** Opening ENTRIES PROVIDED block **

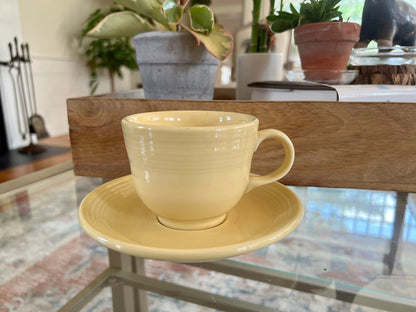 Vintage Yellow Fiesta Cup and Saucer Homer Laughlin - Loom Vintage
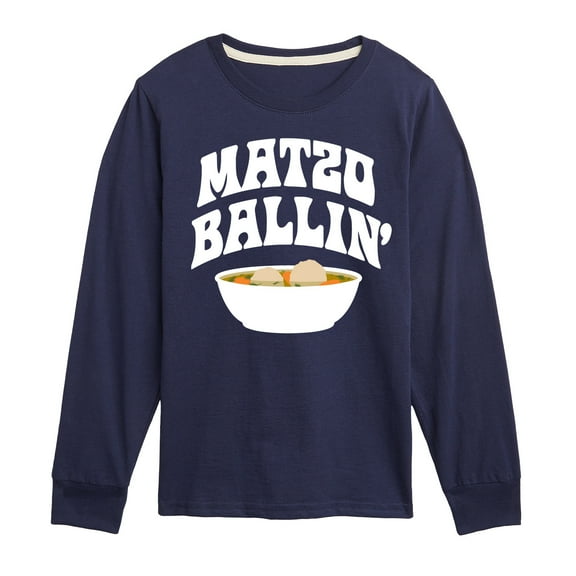 Instant Message - Hanukkah - Matzo Ballin' - Toddler & Youth Long Sleeve Graphic T-Shirt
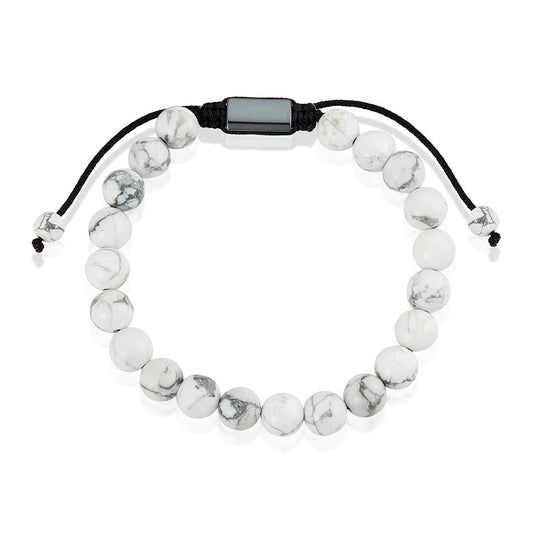 Crucible Jewelry Howlite Natural Stone 8mm Beads on Adjustable Cord Tie Bracelet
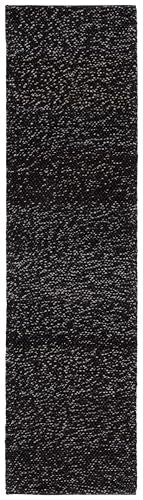 SAFAVIEH Natura Runner Rug 2'3"x7', Wool Knotted Black & Grey NAT425Z - color: Black/Grey, size: 2'3" x 7' (Runner)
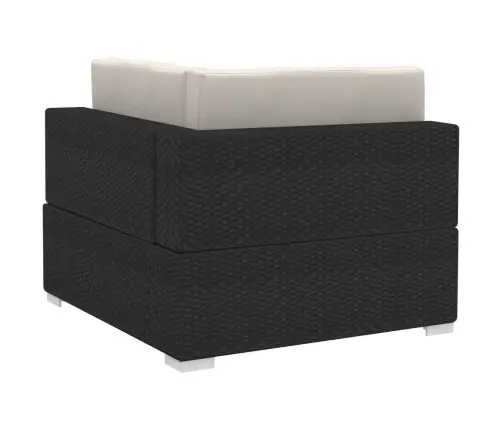 3-Osaline Aiadiivanikomplekt Patjadega, Polürotang, Must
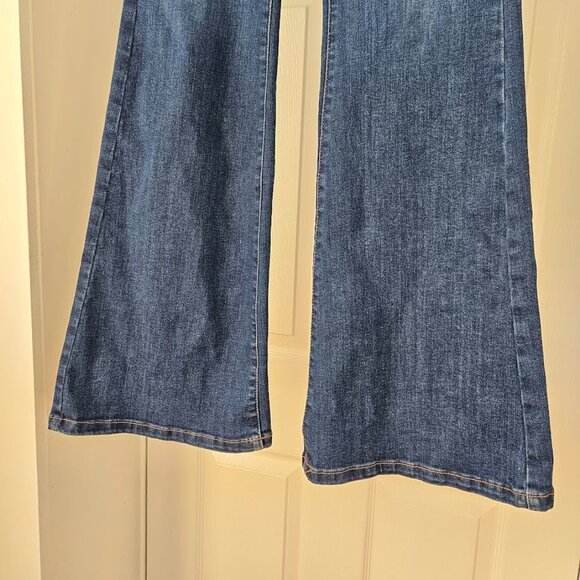Free People We The Jayde High Waisted Western Boho Dark Wash Blue Flare Jeans 28 - Picture 6 of 13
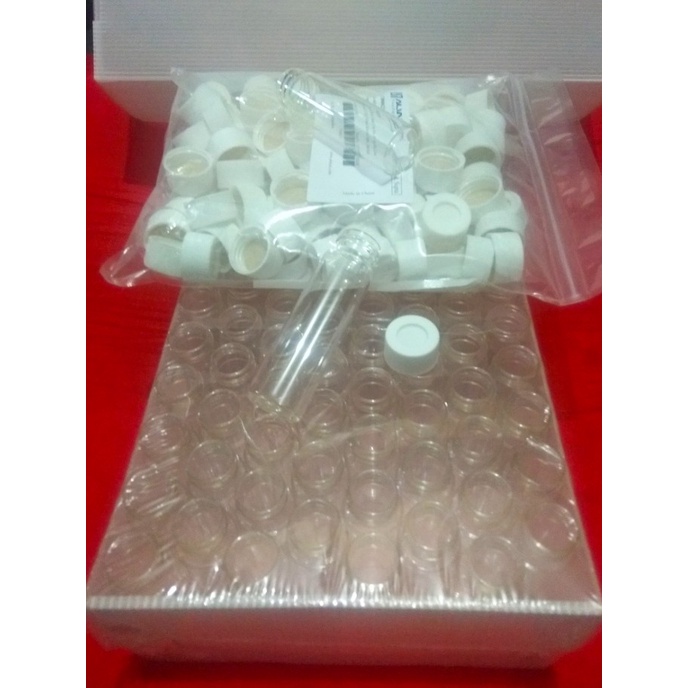 Jual Botol Vial Sample Vial EPA-VOA 30 ML Clear with Cap & PTFE Septa ...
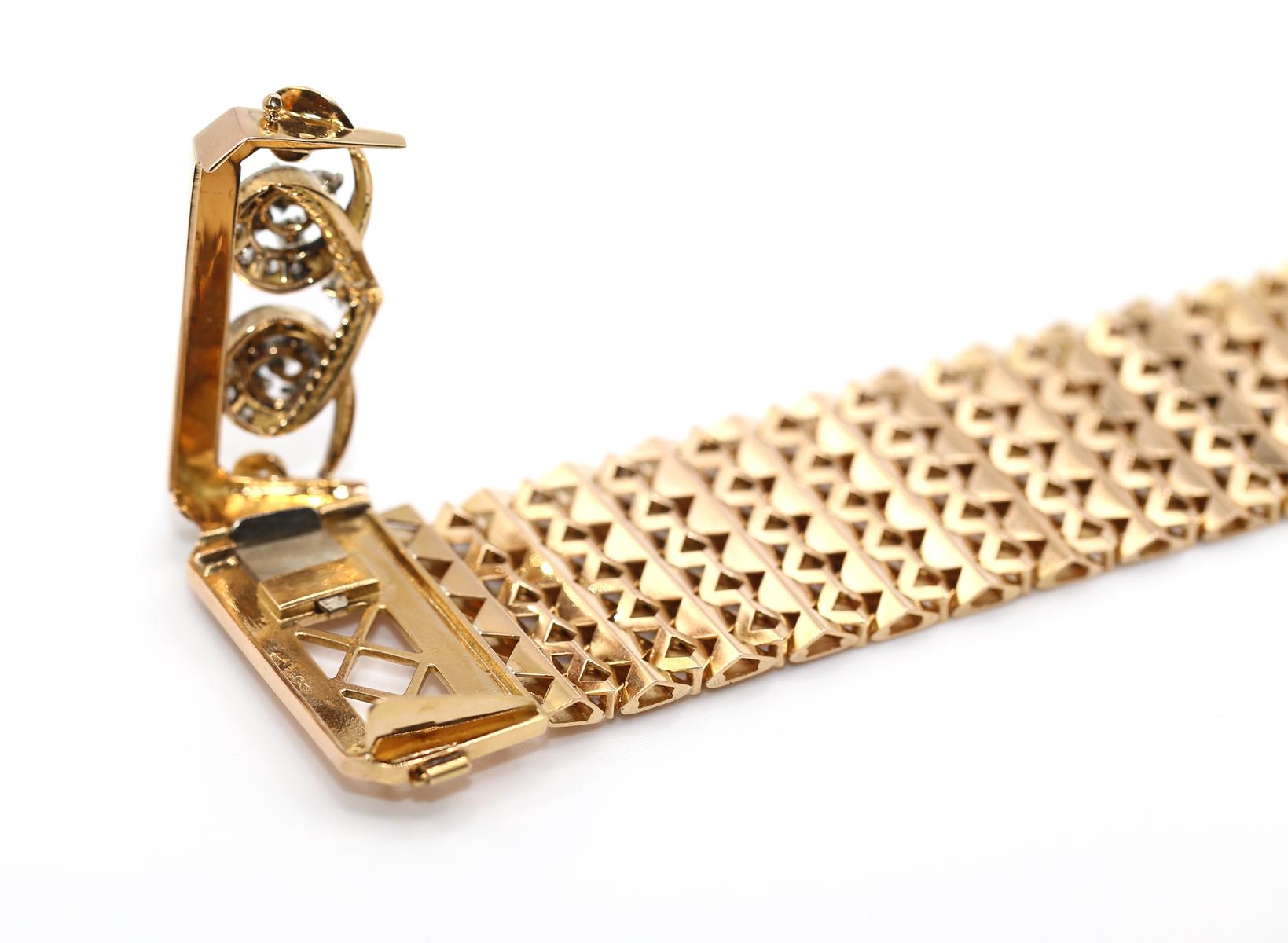 Donna Bracciale da cintura in oro 18K con diamanti, qualsiasi dimensione, 1950 in vendita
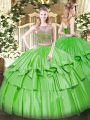 Customized Sleeveless Floor Length Beading and Ruffled Layers Lace Up Sweet 16 Dresses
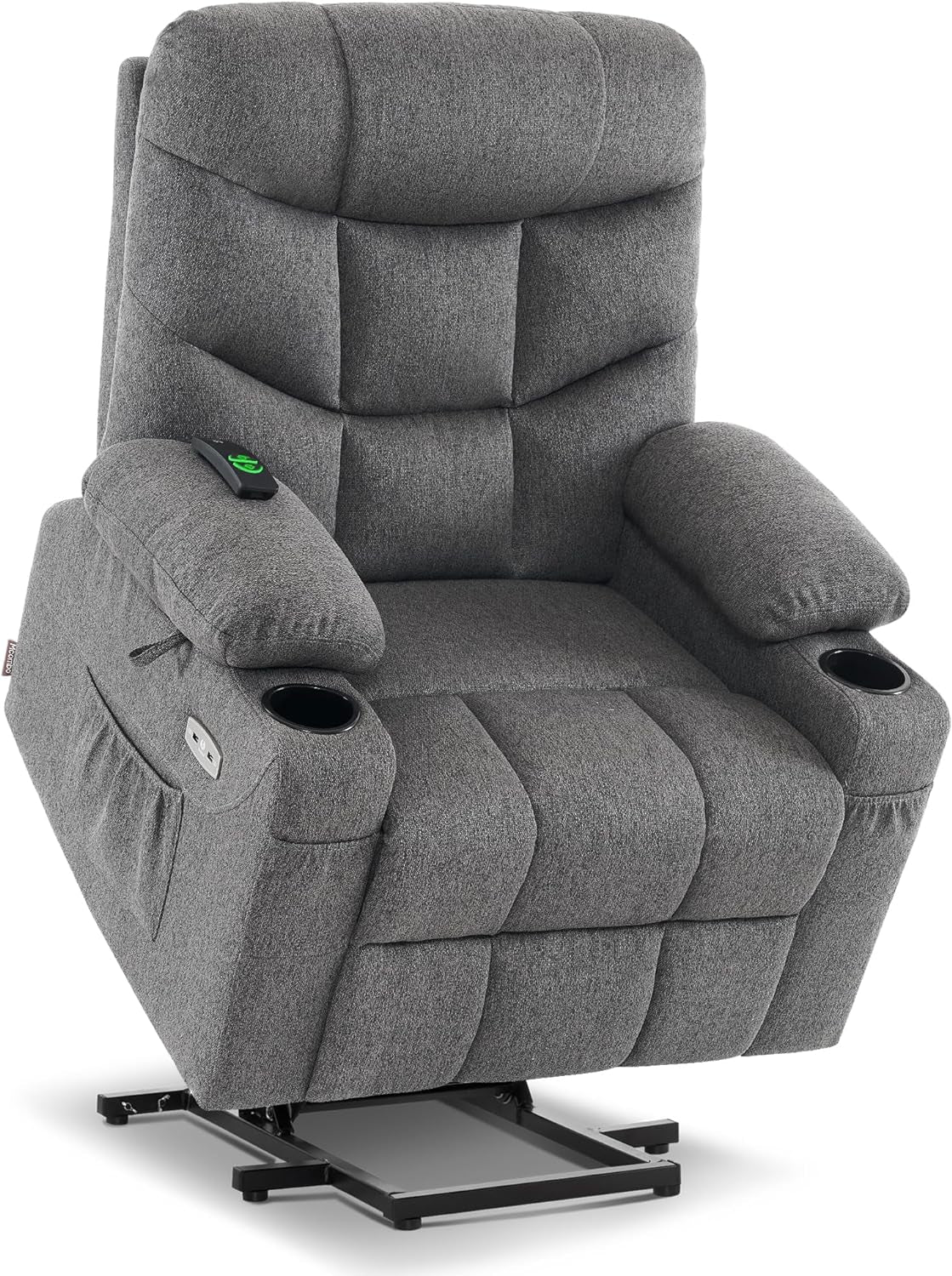 Power Lift Recliner Chair with Extended Footrest for Elderly People, Fabric 7287 (Dark Gray, Medium-Regular)-0
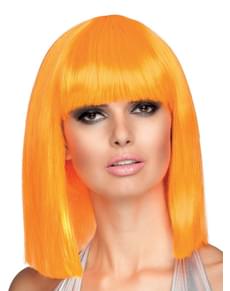 Peruca dance cor de laranja néon para mulher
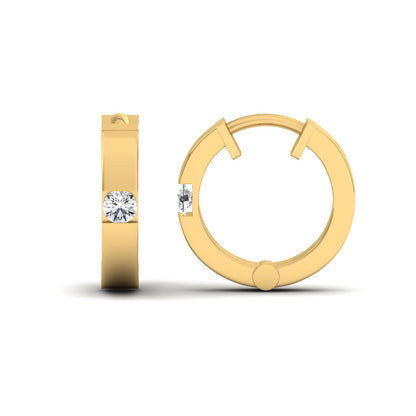 Silver Hoop Earrings For Men-Yellow Side & front angle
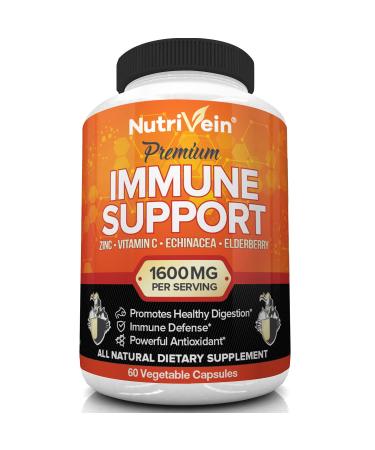 Nutrivein Immune Support - Boost Your Immune System with Elderberry Zinc Vitamin C Garlic & Echinacea Prebiotics - 1600MG Daily Dose - Supports Healthy Lifestyle and Stress Relief - 60 Capsules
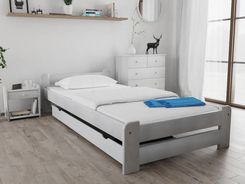 Łóżko Emily 120x200 cm białe Ze stelażem listwowym elastycznym Materac Coco Maxi 19 POSEMI120BIL12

** Closing ENTRIES PROVIDED block **

**THE PROBLEM**
Can you quote exactly, and only, the lines from the one containing "Jual Botol Vial" through the last line of the records above, keeping both ends and leaving out any pictures?

**RESULT**
 Jual Botol Vial Sample Vial EPA-VOA 30 ML Clear with Cap & PTFE Septa ...
 Donna Bracciale da cintura in oro 18K con diamanti, qualsiasi dimensione, 1950 in vendita
 Customized Sleeveless Floor Length Beading and Ruffled Layers Lace Up Sweet 16 Dresses
 Power Lift Recliner Chair with Extended Footrest for Elderly People, Fabric 7287 (Dark Gray, Medium-Regular)-0
 Peruca dance cor de laranja néon para mulher
 Silver Hoop Earrings For Men-Yellow Side & front angle
 Nutrivein Immune Support - Boost Your Immune System with Elderberry Zinc Vitamin C Garlic & Echinacea Prebiotics - 1600MG Daily Dose - Supports Healthy Lifestyle and Stress Relief - 60 Capsules
 Łóżko Emily 120x200 cm białe Ze stelażem listwowym elastycznym Materac Coco Maxi 19 POSEMI120BIL12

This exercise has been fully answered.